HafHは昔、こんなトップページだったんですよ。懐かしい🥺

あれから5年。その認識を変えるべくして旅のサブスク #HafH を立ち上げたが1年後、コロナを迎える。奇しくもその間、日本のリモートワーク事情は世界最先端、ワーケーションという言葉の認知は世界トップレベルに至るところにまで広がった。日本の地域が、リモートワーク、並びにワーケーションの先進地としてその町のアイデンティティにまで広がる街も出てきている。例えば、和歌山県・白浜市や長崎県・五島市は、タクシーの運転手にまで「ワーケーション」の言葉が広がり、五島市に至っては、この数年で社会人口は1958年の統計開始以来、毎年連続で増加傾向になっている。
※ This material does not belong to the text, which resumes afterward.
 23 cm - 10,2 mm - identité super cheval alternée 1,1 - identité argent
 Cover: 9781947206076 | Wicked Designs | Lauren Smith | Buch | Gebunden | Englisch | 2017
出典:事業構想「移住者数が4年連続200人超 人口減に挑む島・五島市の挑戦」より

いよいよ、日本がデジタルノマド市場を、世界から受け入れる準備が整ってきている。それは、東京や、大阪といった大都市だけでなく、地域において、バンスコーのような、決してアクセスが良いわけでもエンタテイメントがたくさんあるわけでもない街に、世界中の人が訪れる「観光」とは違う市場がそこに広がろうとしている。

日本、新たなチャンス到来なるか?

Google 2023/7/12 調べ

この5年間で、日本の物価並びに経済は停滞し、円安が進んだ。 2018年当時のドル相場は1ドル118円。これが今や145円を超えつつある。1000ドル=118,000円が、今や 145,000円。「物価が高い」などと言われる筋合いは、なくなりつつある。 Come to Japan, as a digital nomad!の未来が、間も無くそこにきつつある中、バンスコーはどうやって、世界中のノマドを魅了しているのか。